Task objective
Only the lines from the one containing "Tenisky Adidas biela" to the end of the listing below should be returned, exactly as written and without pictures.

Data for this task
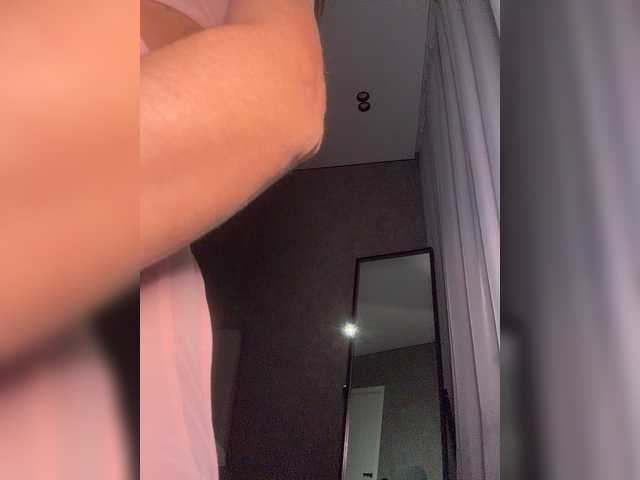 Live трансляция Horosha - slutnetki.online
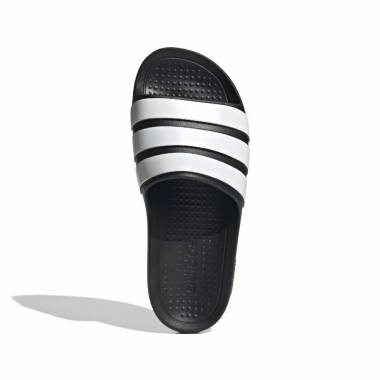 Adidas Adilette Flow M IF4134 šlepetės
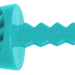 249525816.png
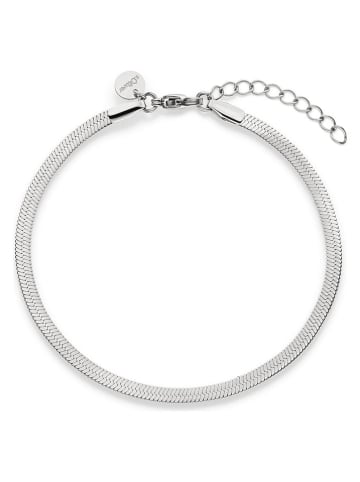 s.Oliver Armband 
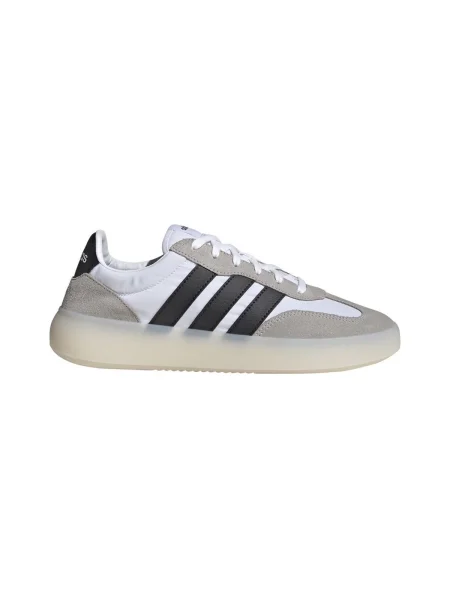 Tenisky Adidas biela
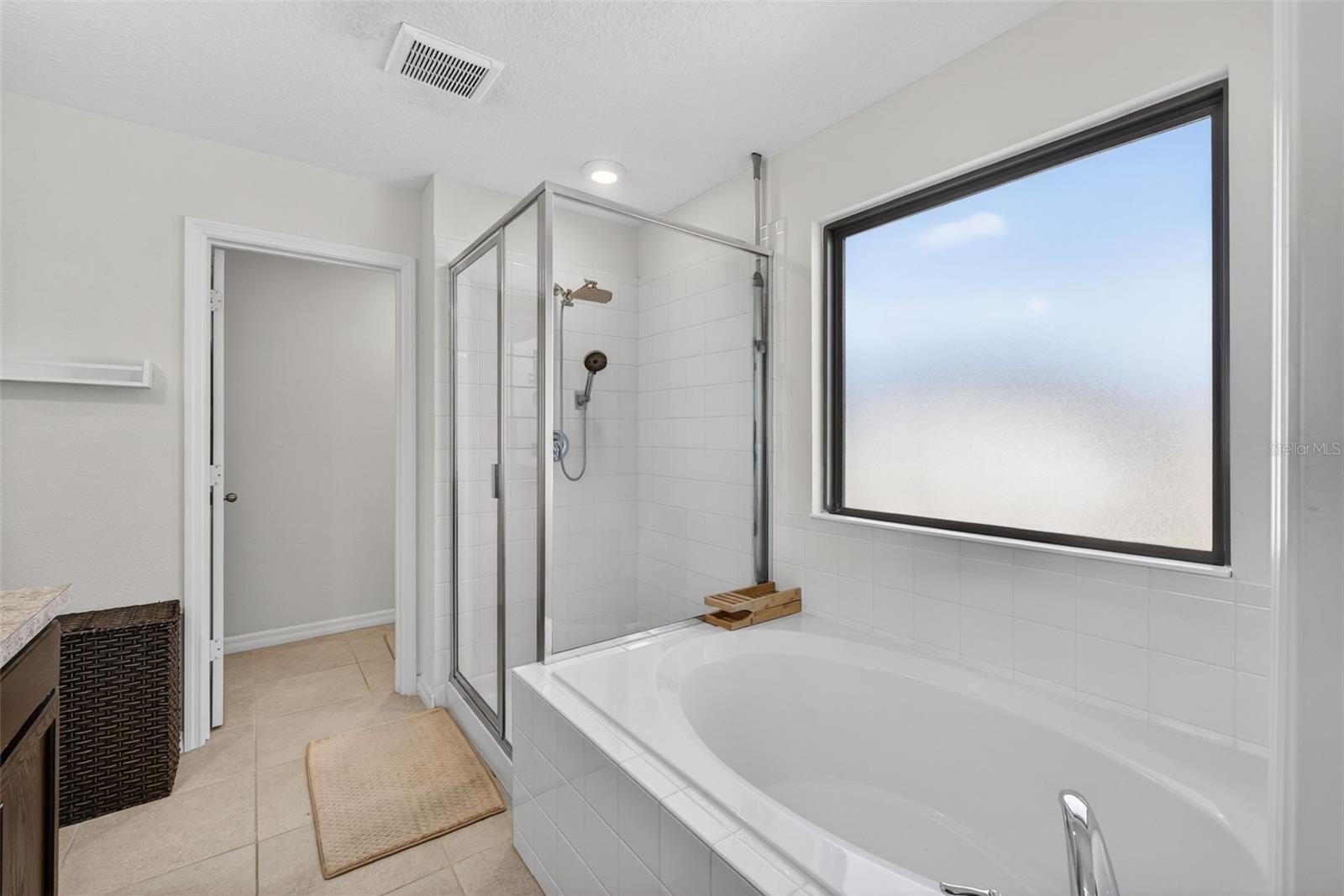 2817 ALPINE MEADOW Ln KISSIMMEE, FL 34744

Solved exercise
 Tenisky Adidas biela
 2817 ALPINE MEADOW Ln KISSIMMEE, FL 34744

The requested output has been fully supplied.